A few AIMS have pursued more holistic capability. But few AIMS provide integral advanced data security functionality, instead choosing to focus on a core data management functions. This focus on data management may be counter-productive if an advanced security dimension is not integrated into software at a level beyond that of simple password protection or prime number cryptography based Secure Socket Layer (SSL)/ Transport Layer Security (TLS). Many current security systems still rely largely on this RSA type security, especially in small to mid-sized applications. However, in addition to SCADA, the 1990’s produced Shor’s algorithm and quantum computing. Shor’s algorithm substantially weakened prime number-based RSA cryptography by accelerating the rate that prime number integers can be factored–effectively transforming “password” SSL/TLS based security from a robust fire-wall into a relatively weak deterrent.
AIMS cannot effectively monetize performance data without accurate and efficient data transmission both between and among assets and users. 5G cellular has been touted as both the communications system and a business catalyst that will make accurate and efficient high-speed,high-volume data transmission a reality. But the benefits of greater speed, increased reliability, and transmission of greater volumes of data can be overshadowed by risk and liabilityClearly, with the proposed level of connectivity in a 5G system, a single data breach could potentially impact a very large number of organizations, very quickly, at potentially critical levels.
Governments and multi-national organizations both, foreign and domestic, have recognized this potentially fatal flaw in high-speed, high-volume data systems from both a defensive as well as offensive perspective. They are addressing cyber security both as a matter of national security and, as the definition of national securitbecomes increasingly blurred, as a matter of commerce. The majority of utility provider systems by number, especially smaller systems, continue to rely on SSL and TLS based security protocol. They remain vulnerable because they both support and are a part of commerce. As a result, smaller systems can provide a portal that allows unauthorized access not only their own data but potentially the information of larger systems with more robust security.
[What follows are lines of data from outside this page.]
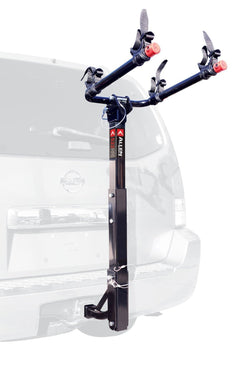 Allen Sports Deluxe 2-Bike Hitch Mount Rack , Silver/Black (522RR)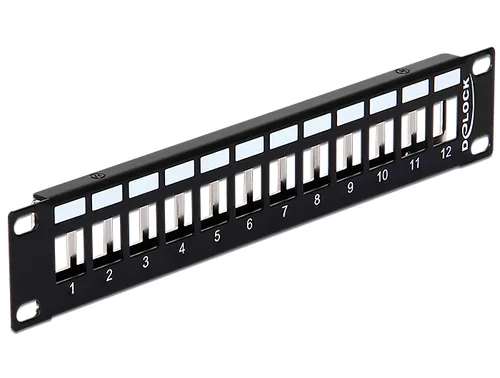 DeLOCK 43326 patch panel 1U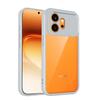 KEYSION Transparent Phone Case for HONOR 600 Pro 5G Soft Silicone+PC HD Clear Shockproof Phone Back Cover for Huawei Honor 600
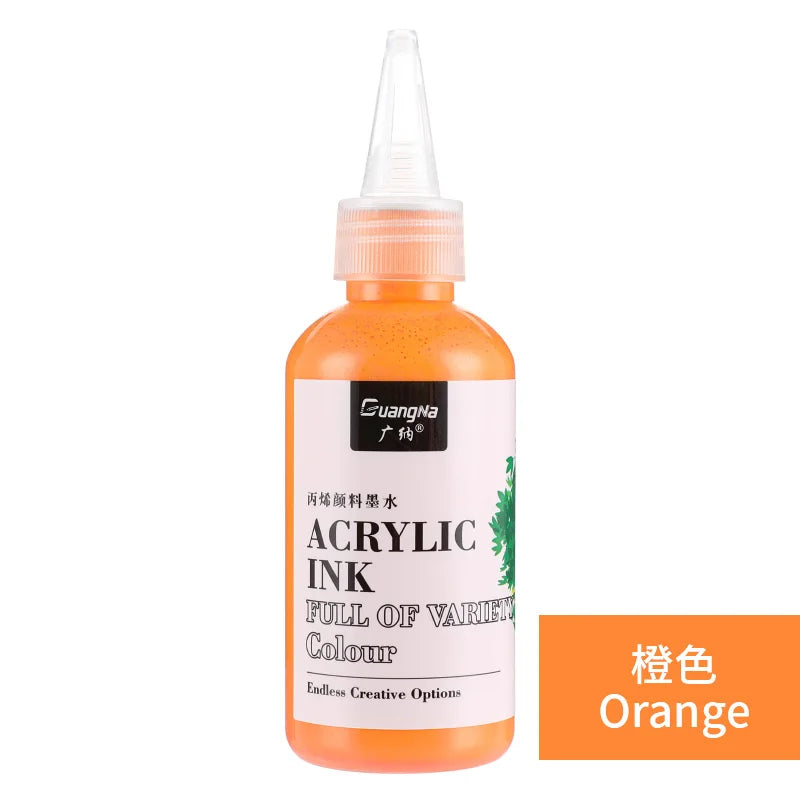 Premium Quality Water-based Ink Refill for Acrylic Paint Pen and DIY Crafts - Ideal Ink Supplement for Artists and Hobbyists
Considering the increasingly frequent occurrence of large scale data breaches bannered by news feeds, the implementation of 5G protocol may magnify this already troubling condition and further spotlight the cost of data loss or compromise by not only financial services sectors, but in utilities sector as well.
If asset management data truly provides value to owners, operators, maintainers, and managers, this data must be protected by an advanced cyber security system with capability proportionate to value. Quantum computing, until recently considered too theoretical for practical application, will be the basis for such capabilityThe direct integration of quantum computing functionality into both data management systems and connectivity must be the next collective evolutionary step in effective asset management. It should be initiated by replacement of RSA derived systems with quantum key distribution (QKD) based security systems. It may be a reasonable bet that quantum entanglement will be the successor to 5G connectivity as much as QKD will be the basis for the much-needed next generation cyber security system. It will be interesting to see how the valuation of AIMS and 5G changes as quantum computing technology achieves second generation development over the next five years.